#### Instructions for the task
Nothing should differ between your output and the entries below.

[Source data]
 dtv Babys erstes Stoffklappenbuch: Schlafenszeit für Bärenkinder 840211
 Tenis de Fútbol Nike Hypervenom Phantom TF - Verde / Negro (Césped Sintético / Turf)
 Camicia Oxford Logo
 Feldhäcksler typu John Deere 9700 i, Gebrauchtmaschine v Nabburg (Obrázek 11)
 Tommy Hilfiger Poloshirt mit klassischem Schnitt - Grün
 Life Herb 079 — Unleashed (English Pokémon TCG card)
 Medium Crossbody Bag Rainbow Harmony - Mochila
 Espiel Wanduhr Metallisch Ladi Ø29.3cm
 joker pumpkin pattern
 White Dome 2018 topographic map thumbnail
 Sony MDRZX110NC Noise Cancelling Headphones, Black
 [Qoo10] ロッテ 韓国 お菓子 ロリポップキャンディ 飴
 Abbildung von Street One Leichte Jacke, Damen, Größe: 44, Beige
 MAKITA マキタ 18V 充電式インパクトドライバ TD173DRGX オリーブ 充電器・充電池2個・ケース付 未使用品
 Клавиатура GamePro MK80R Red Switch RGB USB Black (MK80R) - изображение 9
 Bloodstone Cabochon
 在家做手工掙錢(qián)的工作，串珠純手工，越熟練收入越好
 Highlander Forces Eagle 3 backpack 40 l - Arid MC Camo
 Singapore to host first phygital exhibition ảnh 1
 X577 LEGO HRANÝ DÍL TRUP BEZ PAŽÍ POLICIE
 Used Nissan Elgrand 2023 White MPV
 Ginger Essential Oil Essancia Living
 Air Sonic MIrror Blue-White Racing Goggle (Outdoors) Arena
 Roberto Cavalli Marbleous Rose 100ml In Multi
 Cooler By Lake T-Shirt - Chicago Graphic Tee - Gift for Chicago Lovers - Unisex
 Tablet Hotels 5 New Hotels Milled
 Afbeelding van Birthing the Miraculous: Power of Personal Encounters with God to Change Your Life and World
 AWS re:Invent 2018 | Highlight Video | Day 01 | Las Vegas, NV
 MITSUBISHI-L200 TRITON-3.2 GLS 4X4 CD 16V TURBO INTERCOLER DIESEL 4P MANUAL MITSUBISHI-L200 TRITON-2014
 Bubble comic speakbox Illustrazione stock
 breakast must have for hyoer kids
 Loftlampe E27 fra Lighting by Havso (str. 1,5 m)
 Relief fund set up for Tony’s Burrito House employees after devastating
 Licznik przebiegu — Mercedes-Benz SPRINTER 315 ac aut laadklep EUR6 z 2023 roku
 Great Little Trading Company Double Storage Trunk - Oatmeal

#### Response area
 dtv Babys erstes Stoffklappenbuch: Schlafenszeit für Bärenkinder 840211
 Tenis de Fútbol Nike Hypervenom Phantom TF - Verde / Negro (Césped Sintético / Turf)
 Camicia Oxford Logo
 Feldhäcksler typu John Deere 9700 i, Gebrauchtmaschine v Nabburg (Obrázek 11)
 Tommy Hilfiger Poloshirt mit klassischem Schnitt - Grün
 Life Herb 079 — Unleashed (English Pokémon TCG card)
 Medium Crossbody Bag Rainbow Harmony - Mochila
 Espiel Wanduhr Metallisch Ladi Ø29.3cm
 joker pumpkin pattern
 White Dome 2018 topographic map thumbnail
 Sony MDRZX110NC Noise Cancelling Headphones, Black
 [Qoo10] ロッテ 韓国 お菓子 ロリポップキャンディ 飴
 Abbildung von Street One Leichte Jacke, Damen, Größe: 44, Beige
 MAKITA マキタ 18V 充電式インパクトドライバ TD173DRGX オリーブ 充電器・充電池2個・ケース付 未使用品
 Клавиатура GamePro MK80R Red Switch RGB USB Black (MK80R) - изображение 9
 Bloodstone Cabochon
 在家做手工掙錢(qián)的工作，串珠純手工，越熟練收入越好
 Highlander Forces Eagle 3 backpack 40 l - Arid MC Camo
 Singapore to host first phygital exhibition ảnh 1
 X577 LEGO HRANÝ DÍL TRUP BEZ PAŽÍ POLICIE
 Used Nissan Elgrand 2023 White MPV
 Ginger Essential Oil Essancia Living
 Air Sonic MIrror Blue-White Racing Goggle (Outdoors) Arena
 Roberto Cavalli Marbleous Rose 100ml In Multi
 Cooler By Lake T-Shirt - Chicago Graphic Tee - Gift for Chicago Lovers - Unisex
 Tablet Hotels 5 New Hotels Milled
 Afbeelding van Birthing the Miraculous: Power of Personal Encounters with God to Change Your Life and World
 AWS re:Invent 2018 | Highlight Video | Day 01 | Las Vegas, NV
 MITSUBISHI-L200 TRITON-3.2 GLS 4X4 CD 16V TURBO INTERCOLER DIESEL 4P MANUAL MITSUBISHI-L200 TRITON-2014
 Bubble comic speakbox Illustrazione stock
 breakast must have for hyoer kids
 Loftlampe E27 fra Lighting by Havso (str. 1,5 m)
 Relief fund set up for Tony’s Burrito House employees after devastating
 Licznik przebiegu — Mercedes-Benz SPRINTER 315 ac aut laadklep EUR6 z 2023 roku
 Great Little Trading Company Double Storage Trunk - Oatmeal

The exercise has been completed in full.